1. A random parameter $$s$$, sampled uniformly from $$[0,1]$$ (this is the origin of the “stochastic” in the name);

2. Sandwiching the “shifted” gate application with one additional gate on each side.

These additions allow the stochastic parameter-shift rule to work for arbitrary qubit gates.

Every gate is unitary, which means they have the form $$\hat{U}(\theta) = e^{i\theta \hat{G}}$$ for some generator $$G$$. Additionally, every multi-qubit operator can be expressed as a sum of tensor products of Pauli operators, so let’s assume, without loss of generality, the following form for $$\hat{G}$$:

$\hat{G} = \hat{H} + \theta \hat{V},$

where $$\hat{V}$$ is a “Pauli word”, i.e., a tensor product of Pauli operators (e.g., $$\hat{Z}_0\otimes\hat{Y}_1)$$ and $$\hat{H}$$ can be an arbitrary linear combination of Pauli-operator tensor products. For simplicity, we assume that the parameter $$\theta$$ appears only in front of $$\hat{V}$$ (other cases can be handled using the chain rule).

The stochastic parameter-shift rule gives the following recipe for computing the gradient of the expectation value $$\langle \hat{A} (\theta) \rangle$$:

1. Sample a value for the variable $$s$$ uniformly form $$[0,1]$$.

2. In place of gate $$\hat{U}(\theta)$$, apply the following three gates:

1. $$e^{i(1-s)(\hat{H} + \theta\hat{V})}$$

2. $$e^{+i\tfrac{\pi}{4}\hat{V}}$$

3. $$e^{is(\hat{H} + \theta\hat{V})}$$

Measure the observable $$\hat{A}$$ and call the resulting expectation value of $$\langle r_+\rangle$$.

3. Repeat step ii, but flip the sign of the angle $$\tfrac{\pi}{4}$$ in part b. Call the resulting expectation value $$\langle r_-\rangle$$.

The gradient can be obtained from the average value of $$\langle r_+ \rangle - \langle r_-\rangle$$, i.e.,

$\mathbb{E}_{s\in\mathcal{U}[0,1]}[\langle r_+ \rangle - \langle r_-\rangle]$

Let’s see this method in action.

Following 1, we will use the cross-resonance gate as a working example.
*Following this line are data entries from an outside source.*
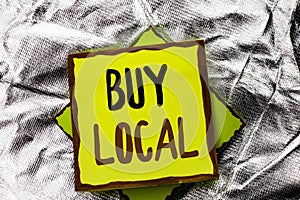 Text sign showing Buy Local. Conceptual photo Buying Purchase Locally Shop Store Market Buylocal Retailers written on Stacked Stic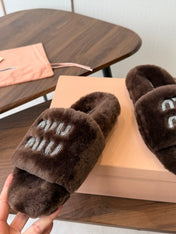 MIUMIU 26S CRYSTAL LOGO SLIDES IN DARK BROWN SHEARLING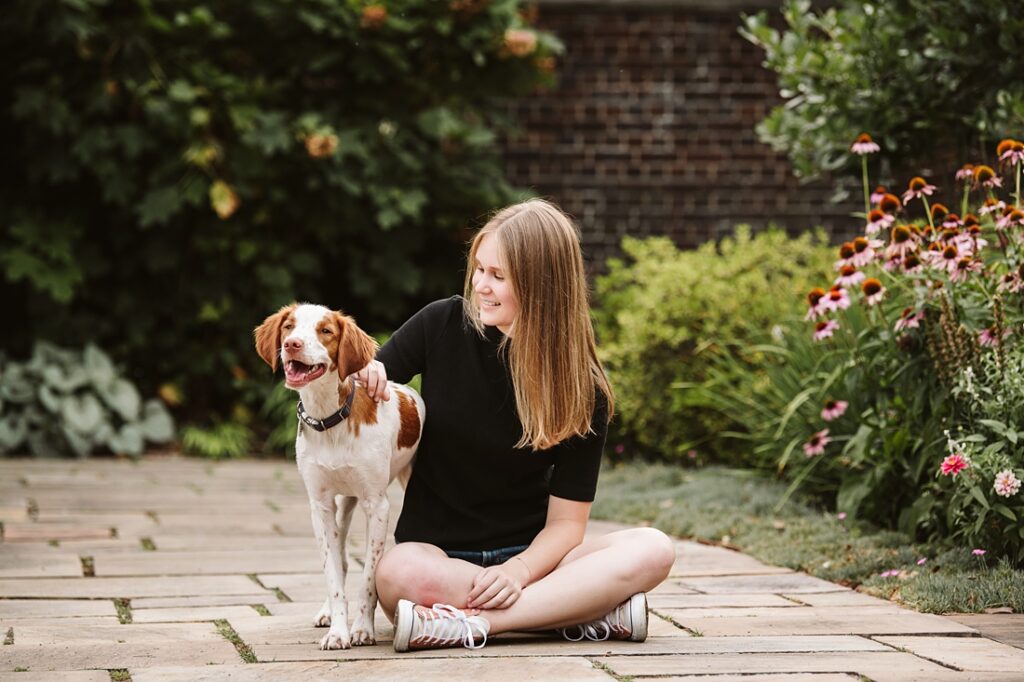 high school senior portrait of girl sitting with dog in Pittsburgh, Mellon Park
This gate is defined as

$\hat{U}_{CR}(\theta_1, \theta_2, \theta_3) = \exp\left[ i(\theta_1\hat{X}\otimes\hat{\mathbf{1}} - \theta_2\hat{Z}\otimes\hat{X} + \theta_3\hat{\mathbf{1}}\otimes\hat{X} ) \right].$
# First we define some basic Pauli matrices
I = np.eye(2)
X = np.array([[0, 1], [1, 0]])
Z = np.array([[1, 0], [0, -1]])

def Generator(theta1, theta2, theta3):
G = theta1.item() * np.kron(X, I) - \
theta2 * np.kron(Z, X) + \
theta3 * np.kron(I, X)
return G

# A simple example circuit that contains the cross-resonance gate
@qml.qnode(dev)
def crossres_circuit(gate_pars):
G = Generator(*gate_pars)
qml.QubitUnitary(expm(-1j * G), wires=[0, 1])
return qml.expval(qml.PauliZ(0))

# Subcircuit implementing the gates necessary for the
# stochastic parameter-shift rule.
# In this example, we will differentiate the first term of
# the circuit (i.e., our variable is theta1).
def SPSRgates(gate_pars, s, sign):
G = Generator(*gate_pars)
# step a)
qml.QubitUnitary(expm(1j * (1 - s) * G), wires=[0, 1])
# step b)
qml.QubitUnitary(expm(1j * sign * np.pi / 4 * X), wires=0)
# step c)
qml.QubitUnitary(expm(1j * s * G), wires=[0,1])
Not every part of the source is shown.